:: Dataset section ::

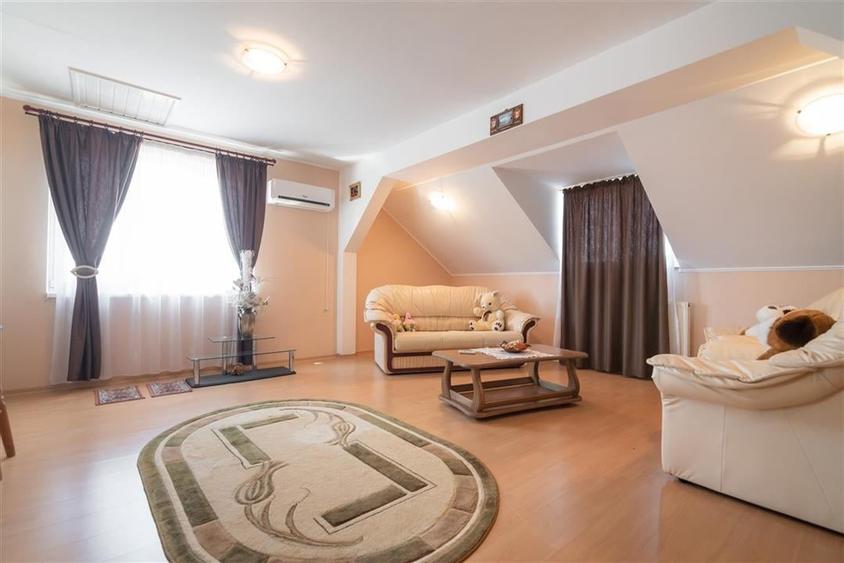 RECO Casa cu Atelier de lucru si teren mare - Santion - 23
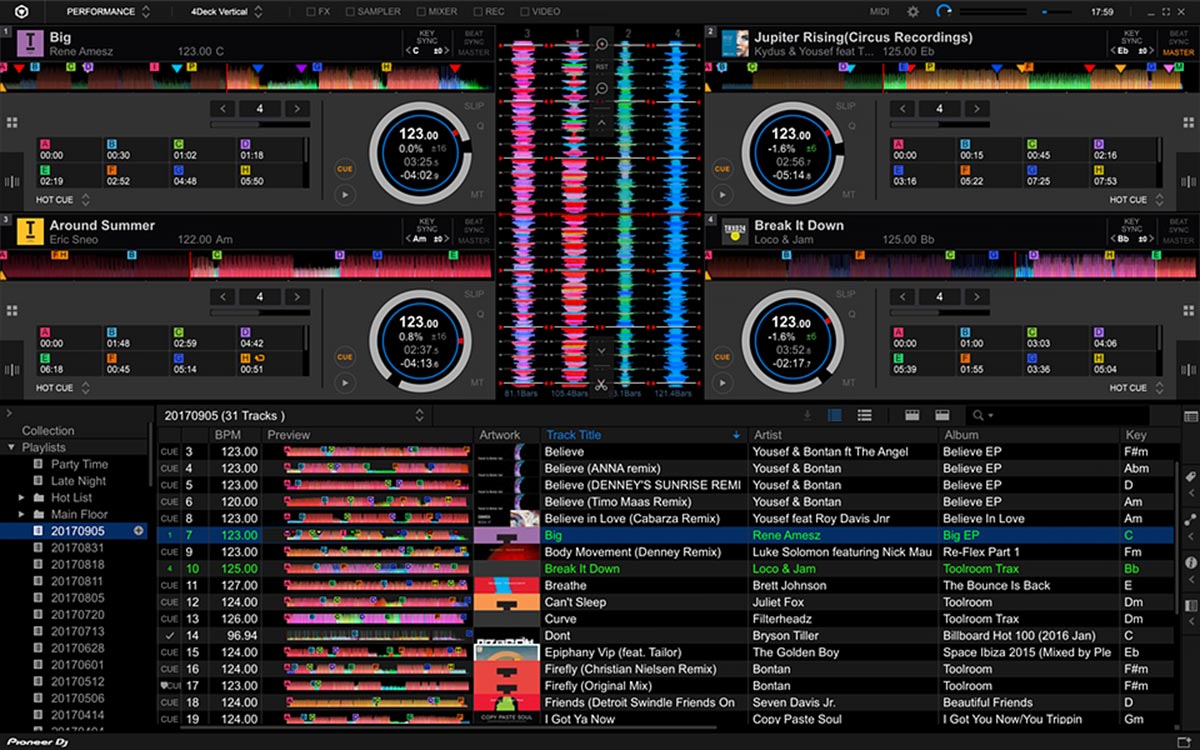 atomix virtualdj professional v5 0 atomix virtualdj professional v5 0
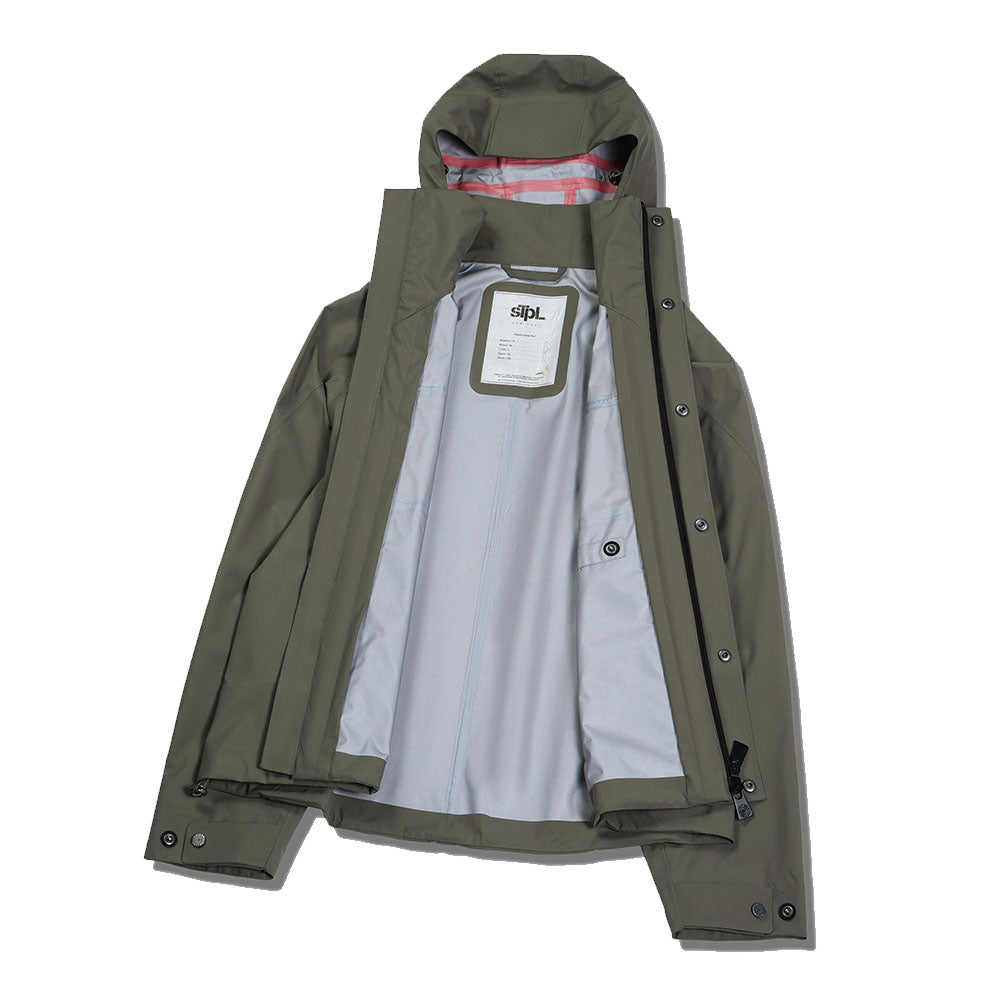 Matterhorn Tech Jacket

:::

Assigned task » Quote precisely the lines of the data from the line containing "atomix virtualdj professional v5 0 atomix" through its final line, both included, excluding pictures.

Task solution »
 atomix virtualdj professional v5 0 atomix virtualdj professional v5 0
 Matterhorn Tech Jacket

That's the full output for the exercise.